Generally, the scope of a scope-equipped drilling device is installed on a drilling platform with its lens barrel aligned with the center of the drilling tool, and the scope's light projection means projects the drilling mark marked on the plate to be drilled onto the screen on the front of the scope body. However, the positioning of the plate to be drilled is performed by superimposing and comparing a detection mark such as a circle provided on the screen with the perforation mark projected at a constant magnification, but in the conventional perforation device, The screen has a structure fixed at a fixed position on the front surface of the scope body.

However, the perforation marks marked on the perforated plate have the same shape as the detection marks provided on the screen, but they come in various sizes, and in the conventional device structure, the perforation marks projected on the screen also have a fixed magnification. Therefore, if the sizes of the detection and drilling marks on the screen are different, it becomes necessary to align the marks so that the gap between the two marks is constant all around, and to find the exact center of the drilling. There was a problem that not only could the positioning of the machine not be achieved, resulting in a decrease in work accuracy, but also caused the worker to become fatigued more quickly, resulting in a decrease in work efficiency.

In addition, in order to eliminate the above-mentioned inconvenience, it is possible to prepare detection marks of different sizes to be placed on the screen, but it requires a means to create the marks and attach/detach them, so it is difficult to eliminate the problem of reduced workability. It is not very effective, and it is conceivable to provide a magnification adjustment means on the scope itself, but this is not practical because it increases the heat near the device due to the high output of the light source such as a halogen lamp, and increases the size and height of the device.

In view of the above-mentioned conventional problems, the present invention uses a simple structure to make it possible to adjust the size of the perforation mark projected on the screen to approximate the detection mark while keeping the magnification of the scope constant. The object of the present invention is to provide a scope-equipped drilling device with high work accuracy and workability at a low cost.

The technical means taken by the present invention to achieve the above purpose is to install a scope on the drilling base plate, and use the scope's light projection means to project the drilling mark on the plate to be drilled onto a screen provided on the front of the scope body. In a drilling device with a scope that aligns the drilling center of the plate to be drilled with the center of the drilling tool by overlapping the detection mark provided on the screen, the screen is movable back and forth on the projection axis of the scope. The perforation mark projected on the screen can be enlarged or reduced approximately to the size of the detection mark.

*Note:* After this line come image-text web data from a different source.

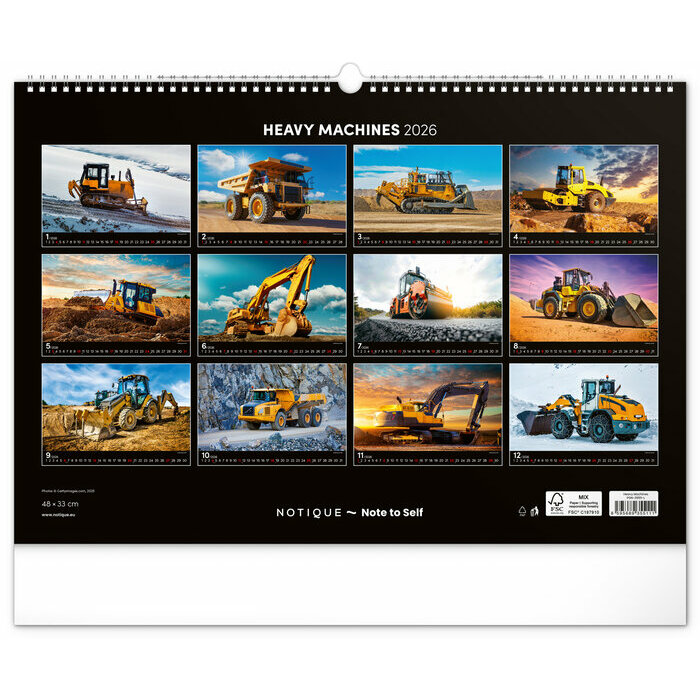 Maxi Calendrier papier 2026 Gros Engins Chantiers
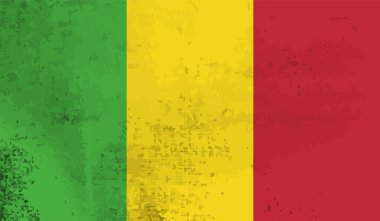 Şeffaf bir arkaplanda Gine 'nin Grunge tarzı bayrağı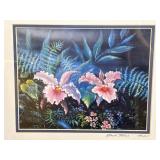 Framed Floral Print with Signature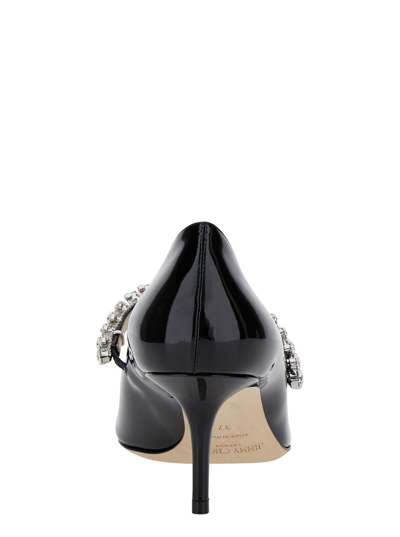 Shop Jimmy Choo Bing Pump Black Pumps With Crystal Strap In Patent Leather Woman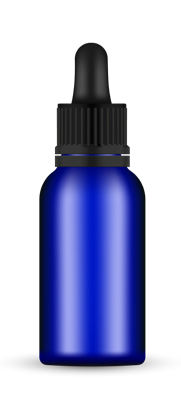 Frasco de Vidrio 30 ml Rosca 18 Azul (tapa negra / goma negra)
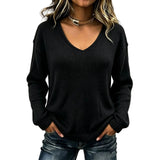 Women's Relaxed V-Neck Drop-Shoulder Pullover Sweater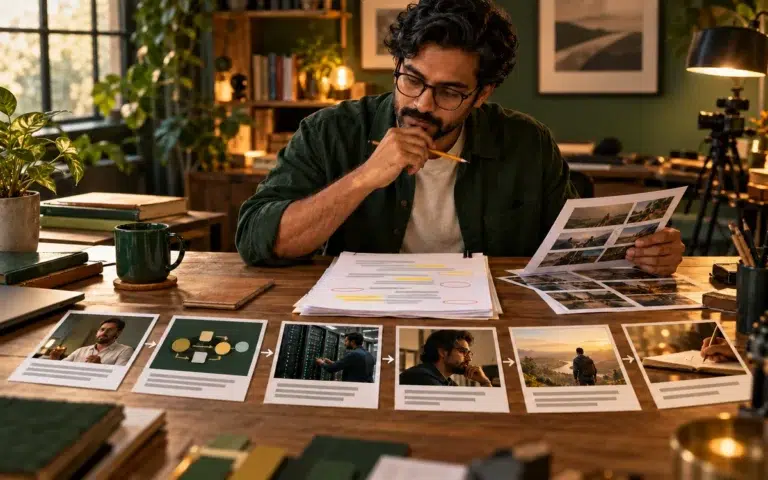 Technical-services creative director reviews a script and six storyboard frames for script-to-video AI fidelity.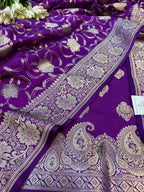 Purple Banarasi Mashru Silk Paisley Design Three Piece Unstitched Suit Set - Luxurion World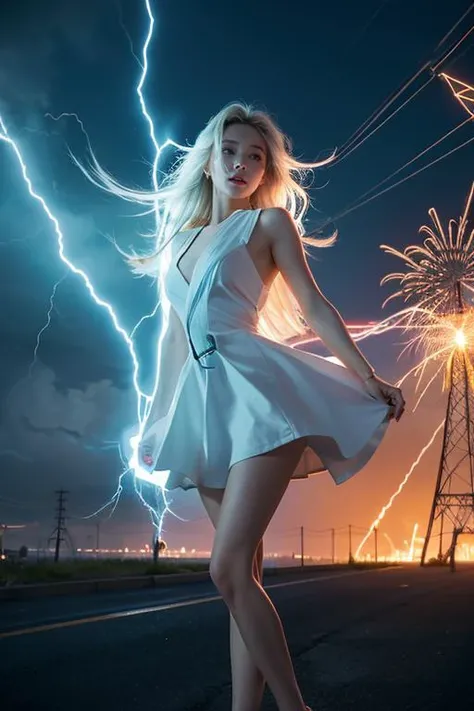 A charming girl suddenly appears from the future with electric shocks and plasma around her body and arms, style from The Terminator movies, lightening from the sky hitting her:1.5, a swirling vortex of energy shield seems to be brewing around her:1.5, floating hairs, windy, ((masterpiece)), (best quality), official art, extremely detailed CG, unity 8k wallpaper, (1girl:1.4), looking at viewer, short hairs, NSFW, water drops, power lines, painful, deserted factory, surreal, (((electricity:1.5, electric shock1:5, electrokinesis, light background))),electric aura:1.5, psychic, plasma, machinery, industrial pipe, computer, electric plug, air conditioner, explosion, burning, energy portal, neon dress, neon_outlines, (wind:1.3), long white hair, her silhouette defined by vibrant neon lines, stands amidst a swirling storm. Her blue eyes, filled with intense emotion, gaze towards a distant horizon. The scene captures a poignant moment of farewell, framed in a cinematic style. The atmosphere is charged with the electric buzz of the future, yet tinged with the melancholy of memories fading into the past., glove,
<lora:twbabe7:0.8>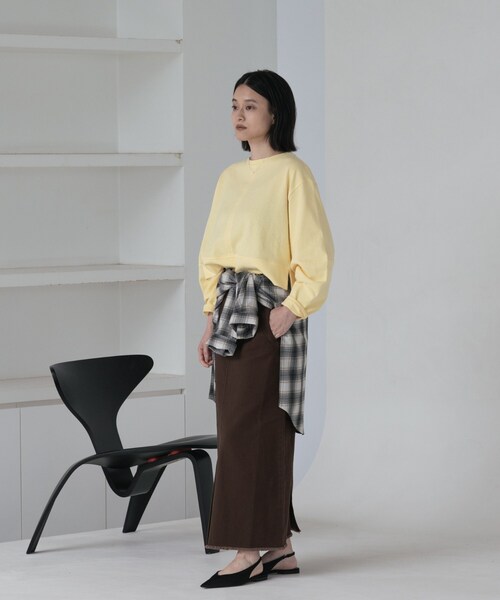 GALLEST(ギャレスト)の「ロングスリーブフォルムカットソー【洗える】(Tシャツ/カットソー・レディース・カーキ/ブルー/オフホワイト/イエロー系その他/チャコールグレー・38)」の6枚目の写真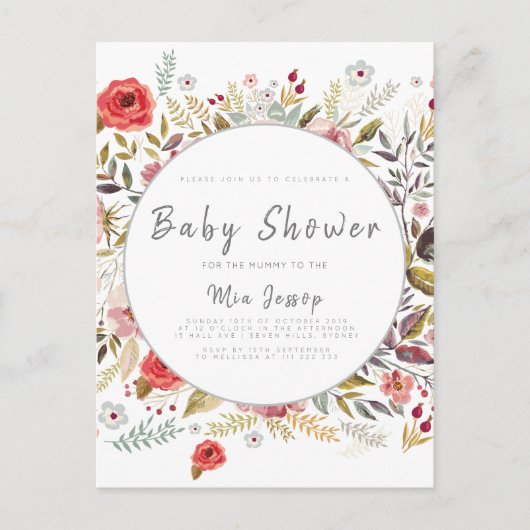 フローラベビーシャワーベビーガール招待状 案内ポストカード (正面)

Therefore, the present invention detects the perforation mark by moving the screen forward or backward while looking at the screen, and adjusting the enlargement or reduction until the perforation mark projected on the plate to be perforated approximates the size of the detection mark. Align to the mark.

An embodiment of the present invention will be described based on the drawings.

FIG. 1 is a partially omitted front view of the drilling device, and 1 in the figure is a scope, with a scope main body 1a in the upper part, a support part 1b in the middle part, and a light projecting means 1c in the lower part. A support part 1b is fitted and fixed to the tip of a cantilevered support frame a raised on a workbench A, and the support part 1b is installed on a drilling base board b.

The light projecting means 1c of the scope 1 is arranged so that the axis of the projection lens 24, which will be described later, is located on the spindle axis of a drill (drilling tool) 30 provided below the drilling table b, that is, on the same axis as the drilling center. Arrange.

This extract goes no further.